While these experiments did not aim to replicate current or past conditions on Mars, the ability of these four methanogens to grow in the presence of multiple Mars simulants suggests that certain components within Martian regolith are not inherently biocidal, albeit, given the presence of abundant carbon (i.e., CO2) and energy (i.e., H2) sources, as well as additional nutrients, liquid water, and satisfactory growth temperatures. Furthermore, the ability of M. wolfeii, M. barkeri, and M. formicicum to produce CH4 in cultures containing solely bicarbonate buffer, H2 gas, Na2S, and montmorillonite, indicates that Martian regolith, potentially, could have provided vital nutrients, likely present as interlayer cations, such as K+, Na+, and Ca2+, for past life or could potentially currently support extant microbial metabolism(s) in the Martian subsurface; although, additional experiments reflecting past or present Martian subsurface pressures and temperatures, as well as realistic water activity regimes, are required to support this statement. It is also important to note that while methanogens are obligate CH4 producers, increasing CH4 concentrations over time may only be indicative of maintenance metabolism and not correspond to dividing cells. However, we argue that active metabolism, with specific respect to aeonophiles, remains relevant to both terrestrial and Martian deep subsurface microbial communities, if present.
Overall, there were varied results among replicates and across species and Mars simulants; however, the actual CH4 concentrations are less important than the fact that CH4 was or was not produced. Future experiments including analyses such as cell counts or biomass measurements in terms of DCW may better enable more accurate comparisons against previous studies. In the context of microbial–clay interactions, measuring the concentration of elements in solution or the cation exchange capacity of the Mars simulants over time would further inform the effect of these simulants on microbial metabolism. Additionally, the potential for bioreduction of Mars simulants, while also inhibiting CH4 production, poses a unique opportunity to further explore the possibility of the existence of methanogenic Archaea on Fe-rich Mars. While much more labor- and analysis-intensive, transcriptomics and/or proteomics approaches have been useful in more recent methanogen studies and could also help to elucidate metabolic effects of the Mars simulants.

Supplementary Materials

The following supporting information can be downloaded at https://www.mdpi.com/article/10.3390/microorganisms14071496/s1, Table S1: Maximum methane concentrations (% headspace) for Methanothermobacter wolfeii, Methanosarcina barkeri, and Methanobacterium formicicum grown on Mars simulants.

Author Contributions

Conceptualization, R.L.M. and T.A.K.; methodology, R.L.M. and T.A.K.; formal analysis, R.L.M., W.H.W., J.W., R.P. and C.K.; investigation, R.L.M., W.H.W., J.W., R.P. and C.K.; resources, T.A.K.; data curation, R.L.M.; writing—original draft preparation, R.L.M.; writing—review and editing, R.L.M. and T.A.K.; supervision, T.A.K.; funding acquisition, T.A.K. All authors have read and agreed to the published version of the manuscript.

Funding

This research was funded by the NASA Astrobiology: Exobiology and Evolutionary Biology Program, grant #NNX12AD90G.
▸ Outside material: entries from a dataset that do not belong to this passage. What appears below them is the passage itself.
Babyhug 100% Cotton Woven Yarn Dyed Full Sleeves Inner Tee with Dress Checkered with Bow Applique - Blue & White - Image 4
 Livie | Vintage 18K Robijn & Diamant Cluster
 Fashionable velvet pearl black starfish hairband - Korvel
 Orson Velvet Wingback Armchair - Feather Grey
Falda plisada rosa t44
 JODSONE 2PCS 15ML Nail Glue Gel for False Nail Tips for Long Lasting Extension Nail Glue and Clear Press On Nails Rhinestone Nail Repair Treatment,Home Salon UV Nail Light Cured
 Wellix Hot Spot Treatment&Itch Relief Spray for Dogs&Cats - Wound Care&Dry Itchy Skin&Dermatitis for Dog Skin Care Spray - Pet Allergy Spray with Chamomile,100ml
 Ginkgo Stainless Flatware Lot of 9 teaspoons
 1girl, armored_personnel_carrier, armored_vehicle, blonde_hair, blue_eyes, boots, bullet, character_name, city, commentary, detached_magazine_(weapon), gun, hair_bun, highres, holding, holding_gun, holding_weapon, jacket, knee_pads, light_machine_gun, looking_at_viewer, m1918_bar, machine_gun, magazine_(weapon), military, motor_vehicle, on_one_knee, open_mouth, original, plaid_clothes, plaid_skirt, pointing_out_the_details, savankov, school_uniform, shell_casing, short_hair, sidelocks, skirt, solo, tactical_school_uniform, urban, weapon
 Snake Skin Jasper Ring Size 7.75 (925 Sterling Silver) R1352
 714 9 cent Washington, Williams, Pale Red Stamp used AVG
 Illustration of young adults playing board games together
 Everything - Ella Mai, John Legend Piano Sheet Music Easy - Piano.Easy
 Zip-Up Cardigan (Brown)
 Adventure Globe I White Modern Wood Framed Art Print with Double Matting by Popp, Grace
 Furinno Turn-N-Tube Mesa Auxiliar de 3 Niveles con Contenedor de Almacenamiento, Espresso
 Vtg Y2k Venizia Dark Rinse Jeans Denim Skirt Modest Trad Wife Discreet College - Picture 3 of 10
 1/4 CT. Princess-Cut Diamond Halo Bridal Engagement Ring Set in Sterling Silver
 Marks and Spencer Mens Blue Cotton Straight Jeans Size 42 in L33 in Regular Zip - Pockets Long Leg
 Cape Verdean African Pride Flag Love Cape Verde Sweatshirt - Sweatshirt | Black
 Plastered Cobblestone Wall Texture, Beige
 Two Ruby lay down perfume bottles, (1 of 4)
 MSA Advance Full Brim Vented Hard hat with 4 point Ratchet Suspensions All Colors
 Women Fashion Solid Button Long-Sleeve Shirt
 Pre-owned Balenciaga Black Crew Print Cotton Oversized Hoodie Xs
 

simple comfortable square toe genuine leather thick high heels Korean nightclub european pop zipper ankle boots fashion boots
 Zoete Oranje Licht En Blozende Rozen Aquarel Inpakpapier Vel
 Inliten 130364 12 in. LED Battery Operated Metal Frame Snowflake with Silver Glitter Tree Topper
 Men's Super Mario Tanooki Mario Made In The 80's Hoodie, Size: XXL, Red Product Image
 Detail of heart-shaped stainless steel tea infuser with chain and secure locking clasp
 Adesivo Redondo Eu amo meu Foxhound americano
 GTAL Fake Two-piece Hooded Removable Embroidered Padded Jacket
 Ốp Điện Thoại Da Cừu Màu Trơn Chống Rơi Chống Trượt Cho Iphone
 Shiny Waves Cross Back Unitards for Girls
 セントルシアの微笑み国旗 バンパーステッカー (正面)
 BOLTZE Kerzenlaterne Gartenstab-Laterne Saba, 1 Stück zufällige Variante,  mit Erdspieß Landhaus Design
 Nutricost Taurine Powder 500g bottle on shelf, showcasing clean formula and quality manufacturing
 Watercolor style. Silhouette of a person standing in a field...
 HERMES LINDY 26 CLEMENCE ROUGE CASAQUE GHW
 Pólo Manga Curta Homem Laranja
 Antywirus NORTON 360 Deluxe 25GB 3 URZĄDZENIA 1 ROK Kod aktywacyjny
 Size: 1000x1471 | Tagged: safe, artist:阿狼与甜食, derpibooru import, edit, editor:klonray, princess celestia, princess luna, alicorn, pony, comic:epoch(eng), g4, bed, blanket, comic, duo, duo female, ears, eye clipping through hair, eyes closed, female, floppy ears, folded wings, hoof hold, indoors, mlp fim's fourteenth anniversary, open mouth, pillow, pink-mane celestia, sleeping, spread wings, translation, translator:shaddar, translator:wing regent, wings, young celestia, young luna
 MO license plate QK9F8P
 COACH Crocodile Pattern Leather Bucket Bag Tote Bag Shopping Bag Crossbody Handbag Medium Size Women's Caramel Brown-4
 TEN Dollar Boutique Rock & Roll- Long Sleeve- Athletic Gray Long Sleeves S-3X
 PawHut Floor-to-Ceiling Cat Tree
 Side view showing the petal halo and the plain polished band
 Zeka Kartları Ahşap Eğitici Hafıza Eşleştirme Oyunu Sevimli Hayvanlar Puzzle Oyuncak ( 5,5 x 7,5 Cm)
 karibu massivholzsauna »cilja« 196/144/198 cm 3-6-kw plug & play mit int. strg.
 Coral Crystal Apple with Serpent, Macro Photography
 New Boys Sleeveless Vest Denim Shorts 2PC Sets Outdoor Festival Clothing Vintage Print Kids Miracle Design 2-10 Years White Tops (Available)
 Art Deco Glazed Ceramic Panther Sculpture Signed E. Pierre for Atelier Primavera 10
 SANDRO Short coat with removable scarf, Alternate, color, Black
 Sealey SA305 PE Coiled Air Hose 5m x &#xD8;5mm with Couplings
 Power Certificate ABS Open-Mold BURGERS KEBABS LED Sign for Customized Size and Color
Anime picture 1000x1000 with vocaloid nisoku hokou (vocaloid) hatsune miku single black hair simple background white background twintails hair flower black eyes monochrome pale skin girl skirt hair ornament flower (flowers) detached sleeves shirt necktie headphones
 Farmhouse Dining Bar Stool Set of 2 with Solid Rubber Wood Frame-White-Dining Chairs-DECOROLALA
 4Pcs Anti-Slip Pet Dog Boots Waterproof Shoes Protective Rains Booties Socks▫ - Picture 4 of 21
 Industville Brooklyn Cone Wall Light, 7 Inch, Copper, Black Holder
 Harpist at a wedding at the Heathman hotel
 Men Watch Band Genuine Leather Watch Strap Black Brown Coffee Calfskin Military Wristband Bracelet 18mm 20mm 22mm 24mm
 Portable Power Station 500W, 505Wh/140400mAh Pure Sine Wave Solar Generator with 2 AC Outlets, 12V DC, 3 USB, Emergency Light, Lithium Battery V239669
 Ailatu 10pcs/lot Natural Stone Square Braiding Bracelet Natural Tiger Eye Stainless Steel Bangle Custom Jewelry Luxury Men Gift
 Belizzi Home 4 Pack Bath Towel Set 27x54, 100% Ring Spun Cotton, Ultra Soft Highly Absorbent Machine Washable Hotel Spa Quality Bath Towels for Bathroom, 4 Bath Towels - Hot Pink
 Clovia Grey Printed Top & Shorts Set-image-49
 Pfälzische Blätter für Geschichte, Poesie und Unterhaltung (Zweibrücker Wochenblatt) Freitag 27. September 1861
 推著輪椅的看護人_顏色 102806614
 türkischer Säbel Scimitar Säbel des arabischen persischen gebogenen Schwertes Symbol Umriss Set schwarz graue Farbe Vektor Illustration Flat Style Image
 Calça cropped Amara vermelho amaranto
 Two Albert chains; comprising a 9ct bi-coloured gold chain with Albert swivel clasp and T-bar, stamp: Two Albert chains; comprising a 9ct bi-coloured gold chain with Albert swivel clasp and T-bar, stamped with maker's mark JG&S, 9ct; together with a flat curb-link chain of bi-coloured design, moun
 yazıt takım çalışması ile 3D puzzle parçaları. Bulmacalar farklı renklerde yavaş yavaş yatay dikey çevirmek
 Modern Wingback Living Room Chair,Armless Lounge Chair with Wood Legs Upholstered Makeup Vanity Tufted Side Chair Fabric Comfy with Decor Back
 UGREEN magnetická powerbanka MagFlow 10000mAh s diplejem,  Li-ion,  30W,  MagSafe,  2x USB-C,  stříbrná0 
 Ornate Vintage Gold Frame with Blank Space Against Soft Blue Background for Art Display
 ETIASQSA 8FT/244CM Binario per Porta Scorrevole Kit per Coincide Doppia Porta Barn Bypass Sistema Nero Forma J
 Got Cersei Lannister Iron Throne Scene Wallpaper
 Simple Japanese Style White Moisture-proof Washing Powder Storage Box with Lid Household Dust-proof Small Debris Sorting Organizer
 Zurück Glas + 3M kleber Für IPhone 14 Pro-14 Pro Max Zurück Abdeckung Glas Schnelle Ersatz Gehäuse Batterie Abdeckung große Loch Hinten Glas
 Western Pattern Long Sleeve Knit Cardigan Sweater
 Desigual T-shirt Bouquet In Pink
Institutional Review Board Statement

Not applicable.

Informed Consent Statement

Not applicable.

Data Availability Statement

Data available upon request.

Acknowledgments

The authors thank Megan Pitz for her assistance with statistical analysis.

Conflicts of Interest

The authors declare no conflicts of interest.

Abbreviations

The following abbreviations are used in this manuscript:
AlAluminum
ATCCAmerican Type Culture Collection
CCarbon
CaCalcium
CH4Methane
CO2Carbon dioxide
CrChromium
CuCopper
FeIron
H2Hydrogen
H3O+Hydronium
KPotassium
LiLithium
MgMagnesium
MnManganese
MMSMojave Mars Simulant
NNitrogen
NaSodium
NaOHSodium hydroxide
Na2SSodium sulfide
NH4Ammonium chloride
OCMOregon Collection of Methanogens
PPhosphorus
SSulfur
SEMScanning electron microscopy
SiSilicon
TiTitanium
ZnZinc

Appendix A

Appendix A.1. Calculations Converting Methane from % Headspace to mol

For comparison to methane (CH4) production measured in millimoles (mmol) by Zhang et al. [82] and Zhang et al. [83], we have converted our headspace CH4 data to moles (mol) using the ideal gas law (A1) and the following conditions:
n   ( m o l e s   C H 4 ) = P V R T
where P = pressure = 1 atm, V = the CH4 percentage of the total internal headspace volume of the culture tube, T = temperature, and R is the ideal gas constant (0.0821 L-atm/mol-K). The total internal headspace volume of the culture tube is estimated to be 0.015 L given that the Balch tubes used in all experiments conducted here have a total internal volume of 0.025 L and are filled with ca. 0.01 L medium (except the Mojave Mars Simulant (MMS) experiment; see below). Additionally, although all CH4 measurements were taken at room temperature (22 °C), the tubes were incubated at the organisms’ respective ideal growth temperatures (22 °C, 37 °C, or 55 °C). These incubation temperatures were used to calculate moles CH4 so as not to artificially inflate any concentrations. Thus, for moles CH4 calculations for M. maripaludis and M. wolfeii, temperatures of 295 K (22 °C) and 328 K (55 °C), respectively, were used. For M. barkeri and M. formicicum, a temperature of 310 K (37 °C) was used. For example, for a % headspace concentration of 8.8% CH4 produced by M. barkeri at 37 °C, V = 0.088 × 0.015 L = 0.00132 L and T = 310 K, equating to 0.052 mmol CH4. For comparison, using a temperature of 22 °C (295 K) equates to a CH4 concentration of 0.055 mmol.
When available headspace volume is reduced, for example, in the MMS experiments compared to the other experiments performed here, the resultant moles CH4 will also be fewer. More specifically, as noted above and in the Materials and Methods, the available headspace within the Balch tubes used for most of the experiments conducted here was ca. 15 mL. However, the MMS experiment contained significantly more Mars simulant than the other experiments, leaving a total available headspace ca. 10 mL. When converting to moles CH4 using Equation (A1), the reduced volume will correspond to fewer moles CH4. In particular, for a % headspace concentration of 30% by M. formicicum (incubation temperature: 310 K) with a total available headspace volume of 15 mL (0.015 L), Equation (A1) gives the CH4 concentration as 177 mmol CH4. For the same % headspace concentration (30%) but with a reduced headspace volume (0.01 L), Equation (A1) gives the CH4 concentration as 118 mmol CH4.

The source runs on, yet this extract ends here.